For fixed T, graphing, E₁ and \( \frac{{N\left( {E_{1} - \varepsilon_{0} e^{{\left( {E_{1} - \varepsilon_{0} } \right)/kT}} } \right)}}{{\left( {1 - e^{{\left( {E_{1} - \varepsilon_{0} } \right)/kT}} } \right)}} + NkT \) reveals that there is a solution at \( {{E}_{1}}={{\varepsilon}_{0}} \), which is physically invalid and there is, again, a solution near:

$$ E_{1} = NkT + \varepsilon_{0} \, {\text{for large}}\,N. $$

(24)

At \( {{E}_{1}}=NkT+{{\varepsilon}_{0}} \), \( E_{1} - \left({\frac{{N\left({E_{1} - \varepsilon_{0} e^{{\left({E_{1} - \varepsilon_{0}} \right)/kT}}} \right)}}{{\left({1 - e^{{\left({E_{1} - \varepsilon_{0}} \right)/kT}}} \right)}} + NkT} \right) = \frac{{N(N(\varepsilon_{0} + kT) - \varepsilon_{0})}}{{e^{{N\left({\varepsilon_{0}/kT + 1} \right) - \varepsilon_{0}/kT}} - 1}} \).
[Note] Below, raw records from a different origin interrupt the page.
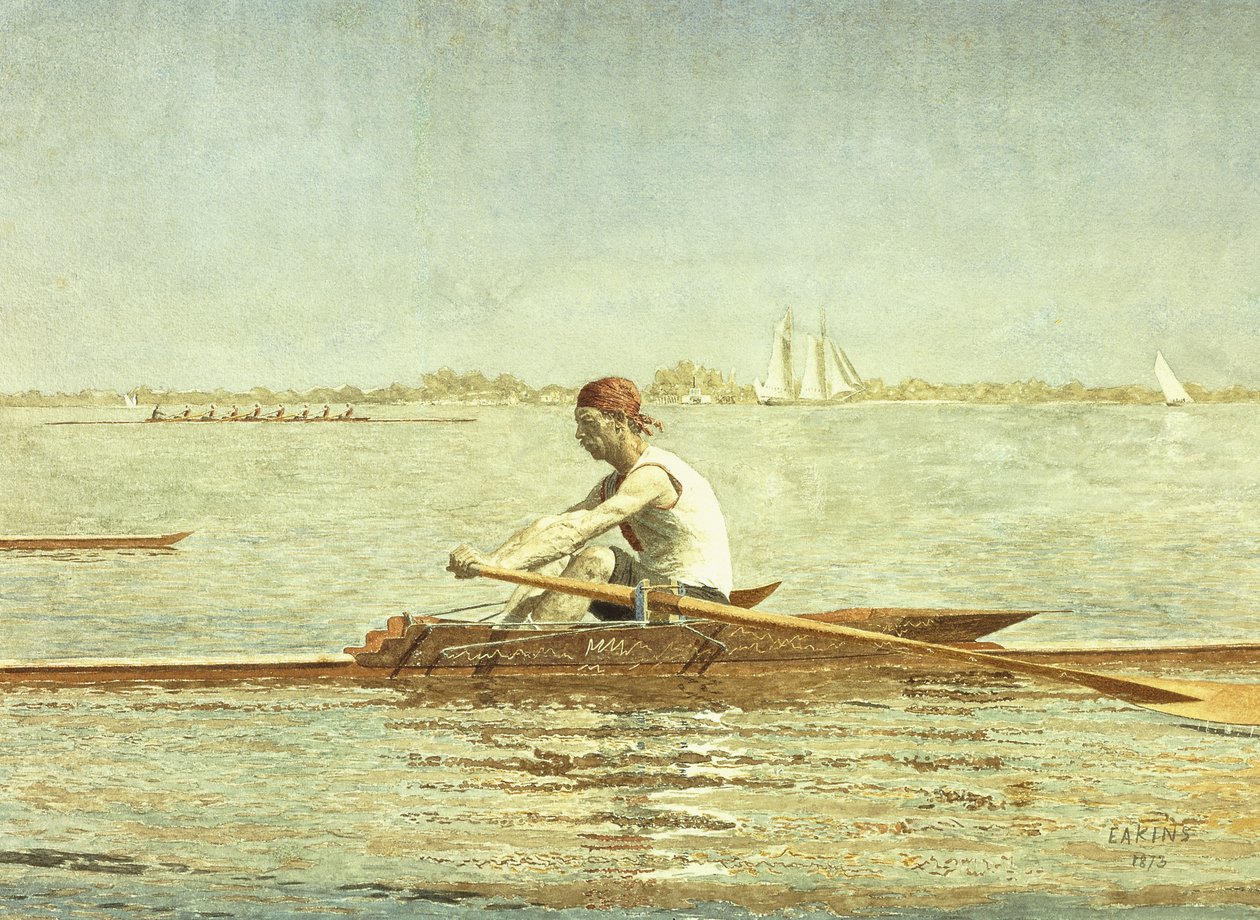 John Biglin w jednej czaszce, 1873 autorstwa Thomas Cowperthwait Eakins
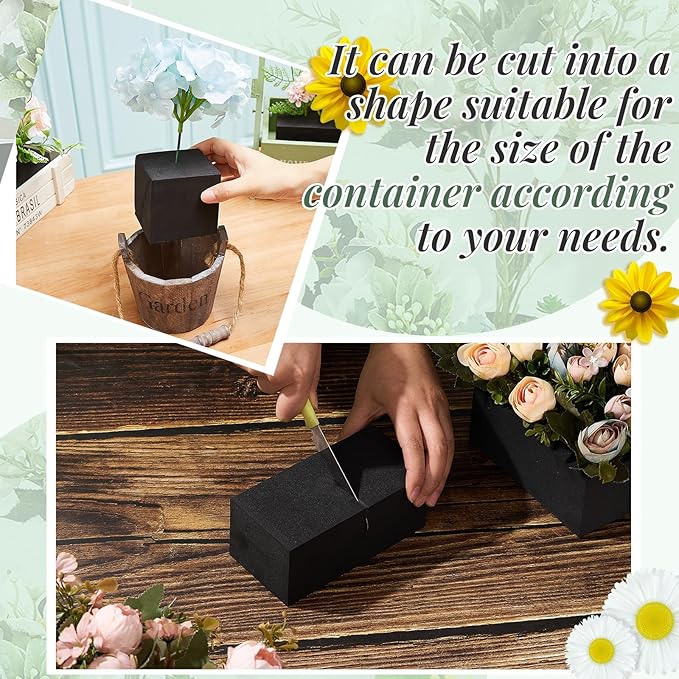 Lallisa 8 Pcs Reusable Floral Foam Blocks Water Weather Resistant Dry Floral Foam for Artificial Flower Arrangements Outdoor Flower Boxes Outside Hanging Planters Wedding Home Decor (6 x 3 x 2.5)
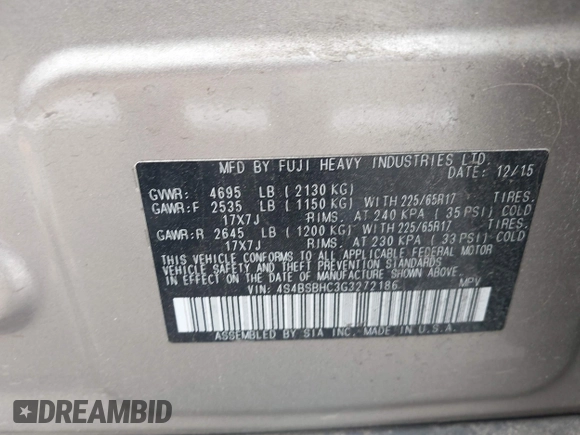 2016 Subaru Outback Premium with VIN 4S4BSBHC3G3272186, listed as a IAAI auction lot 42356888 with 94,265 mi miles and . Bid and sale history available at DreamBid. Image 9.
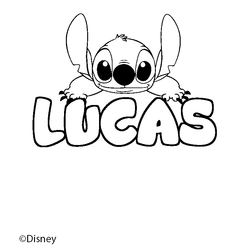 Coloraci&oacute;n del nombre LUCAS - decorado Stitch
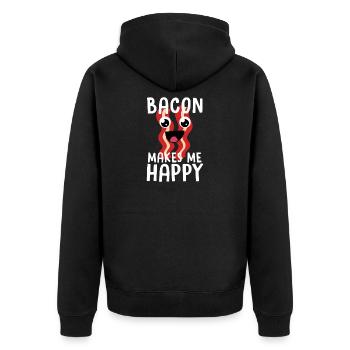 Bacon Makes Me Happy: Fun Bacon Mood - Unisex Premium Organic Zip Hoodie - black - Back - Nico (187cm)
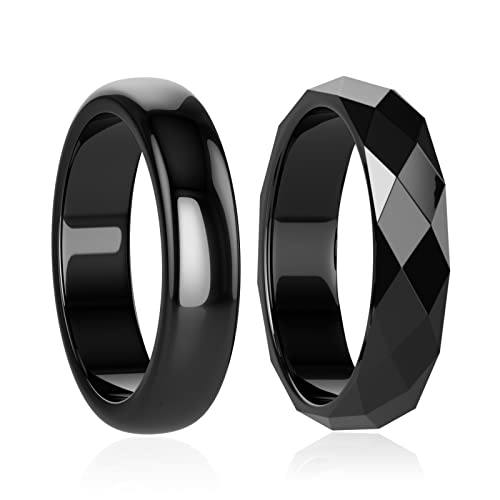 Lonage Hämatit-Ring für Frauen Männer, echter magnetischer schwarzer Steinring für Angst-Balance-Wurzel-Chakra, absorbieren negative Energie Schmuck Geschenke Größe 6-13 (8) von Lonage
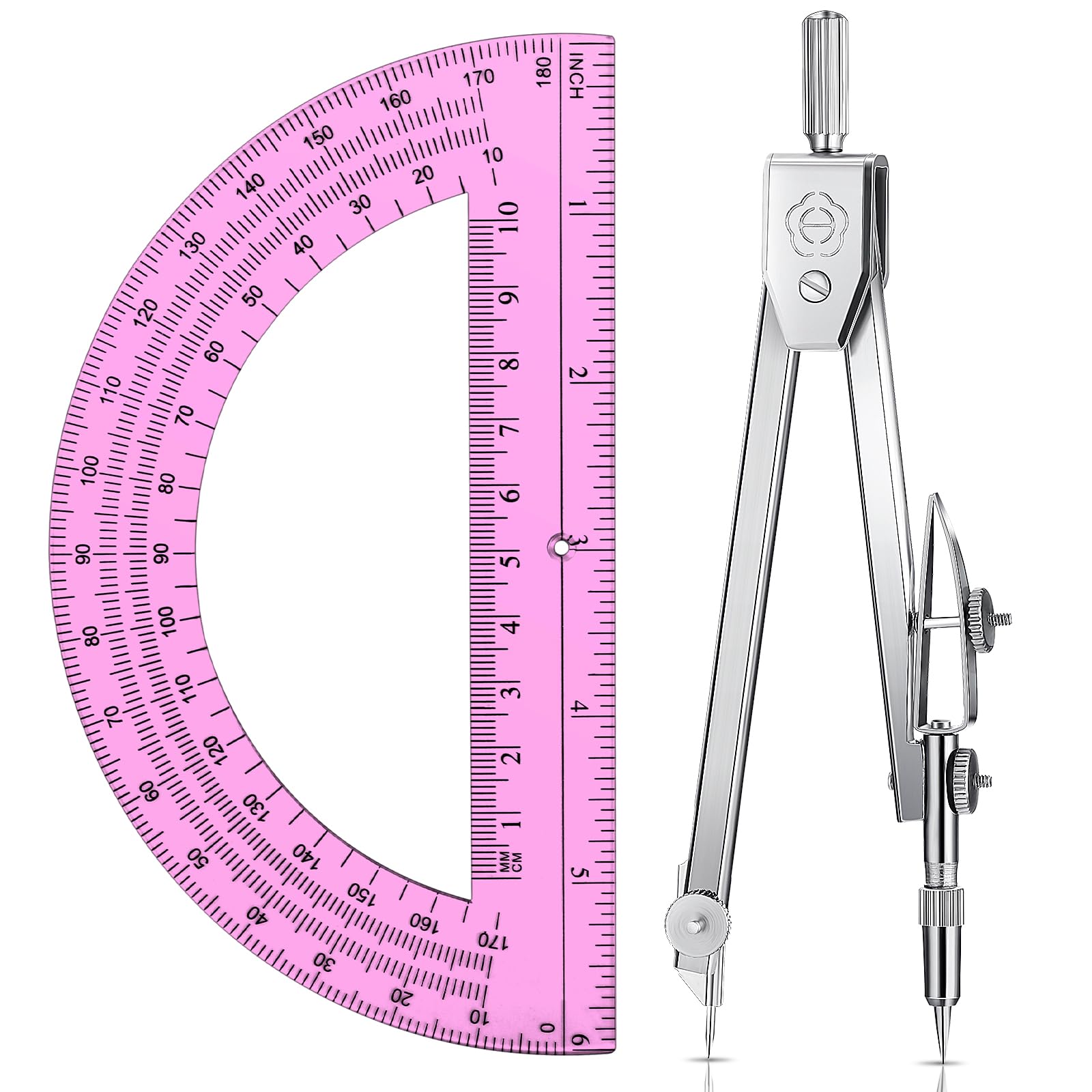 Photo 1 of EBOOT Student Geometry Math Set, Drawing Compass and 6 Inch Swing Arm Protractor 180 Degree Math Protractor (Pink)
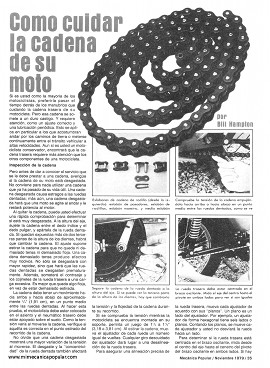 Como cuidar la cadena de su moto - Noviembre 1979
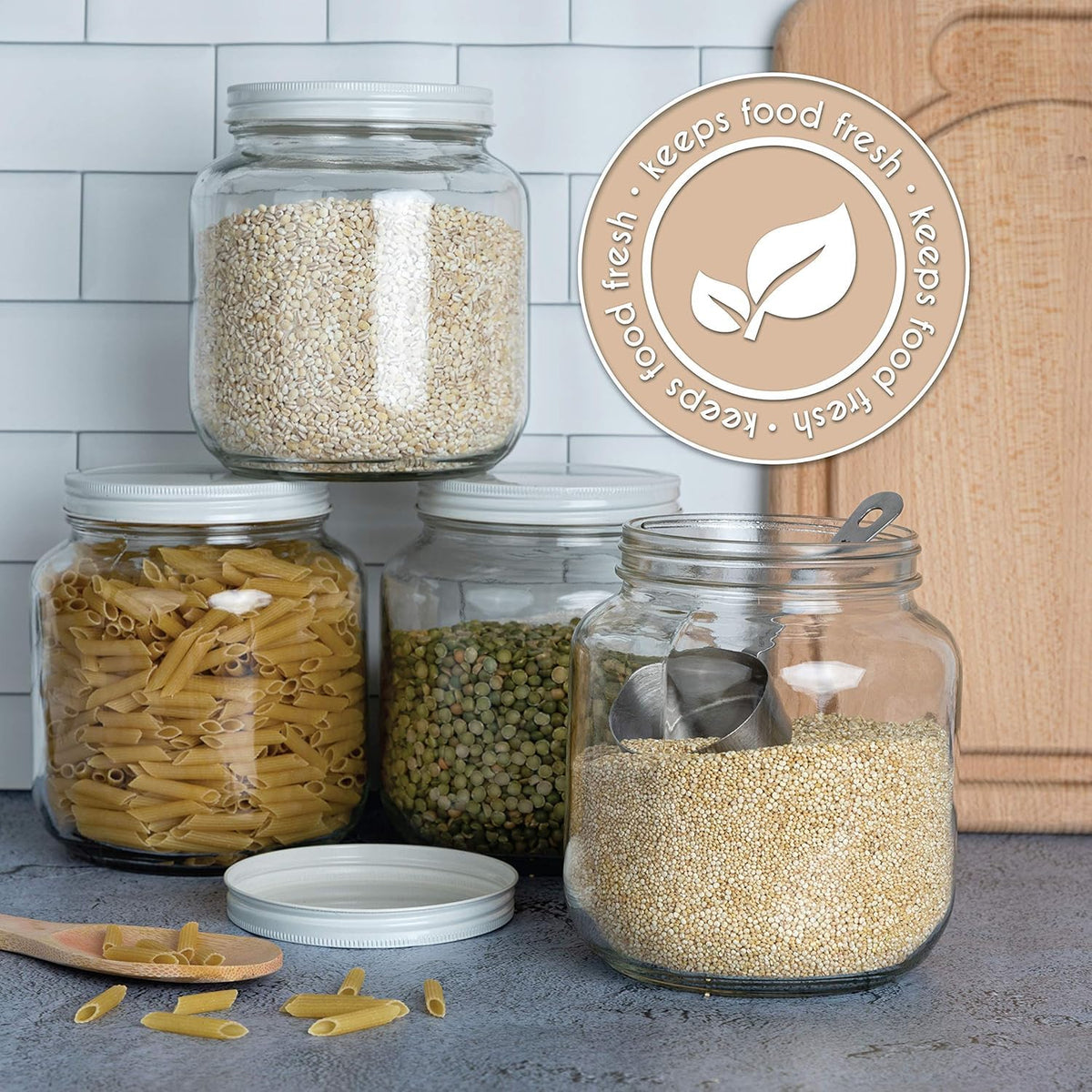 Half Gallon Mason Jar Wide Mouth with Airtight White Metal Lid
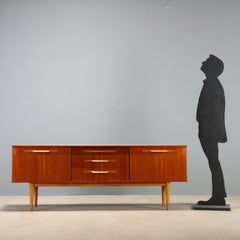 Mid-Century Modern Teak Sideboard, Restored English Design, 1960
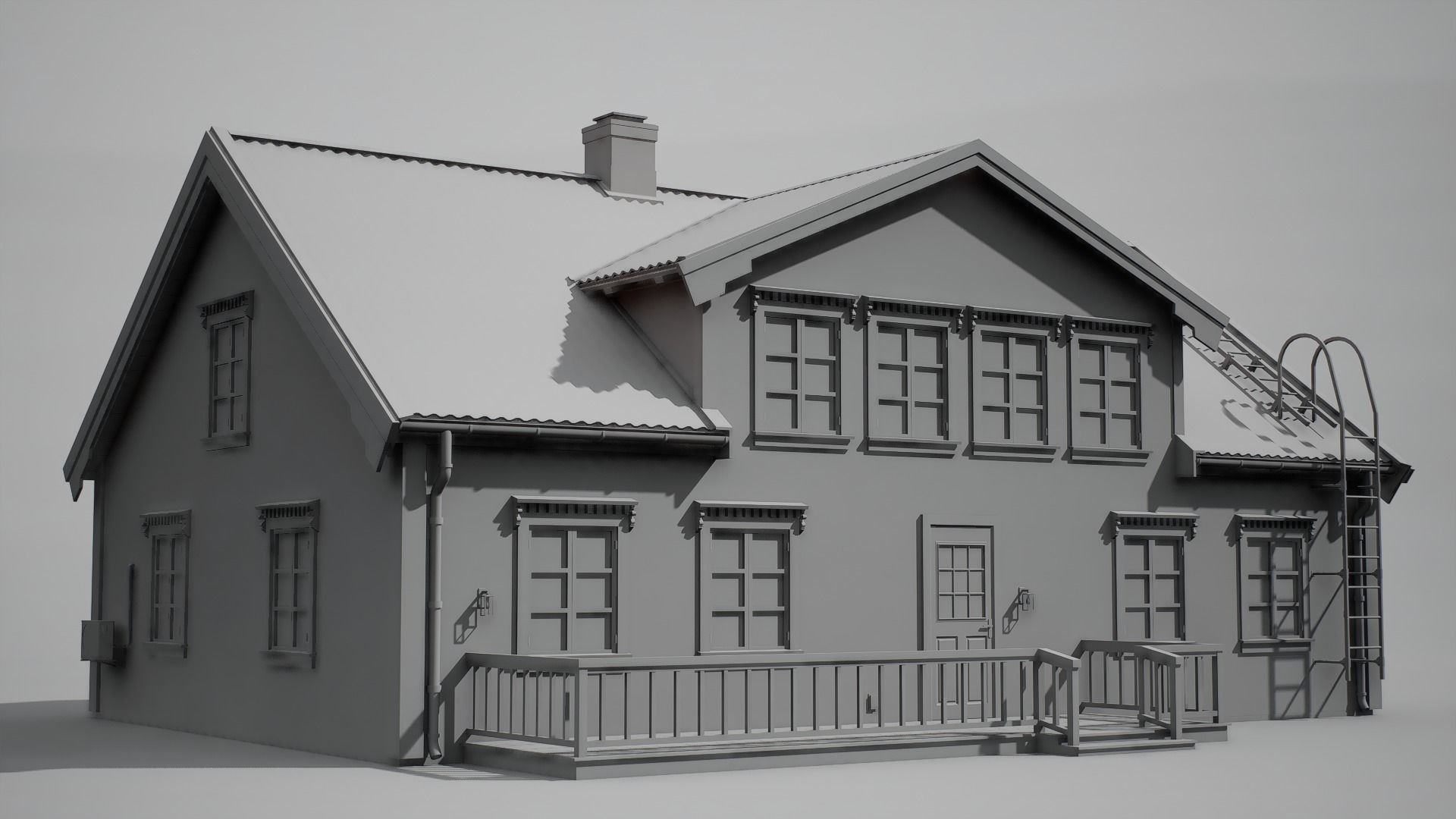 White House Low-poly 3D model_13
So, for small N, this solution is far off but for our case of large N, it is a good approximation; in particular, \( \frac{{N(N(\varepsilon_{0} + kT) - \varepsilon_{0})}}{{\,e^{{N\left({\varepsilon_{0}/kT + 1} \right) - \varepsilon_{0}/kT}} - 1}} < < E_{1} \) implies, for \( N\gg 1 \), \( {{N}^{2}}\ll {{E}_{1}}\frac{{{e}^{N\left({{\varepsilon}_{0}}/kT+1 \right)}}-1}{({{\varepsilon}_{0}}+kT)}\approx {{E}_{1}}\frac{{{e}^{N\left({{\varepsilon}_{0}}/kT+1 \right)}}}{({{\varepsilon}_{0}}+kT)} \), or \( N^{2} e^{{- N\left({\varepsilon_{0}/kT + 1} \right)}} \ll \frac{{E_{1}}}{{(\varepsilon_{0} + kT)}} \),

Hence, for macroscopic size N, as before, only when the temperature is extremely large or the total system energy is extremely small is this solution not approximately valid. (Note: for small, i.e., \( \varepsilon_{0} \ll kT \), the inequality becomes: \( N^{2} e^{- N} \ll \frac{{E_{1}}}{kT} \), i.e., the same as before. For \( \varepsilon_{0} > > kT \), we have\( N^{2} e^{{- N\varepsilon_{0}/kT}} < < \frac{{E_{1}}}{{\varepsilon_{0}}} \); the smallest the right hand side can become is one since \( E_{1} \ge \varepsilon_{0} \).)

Again, a key general point is that for a given temperature, there is always a single value of E₁ corresponding to it for any fixed N.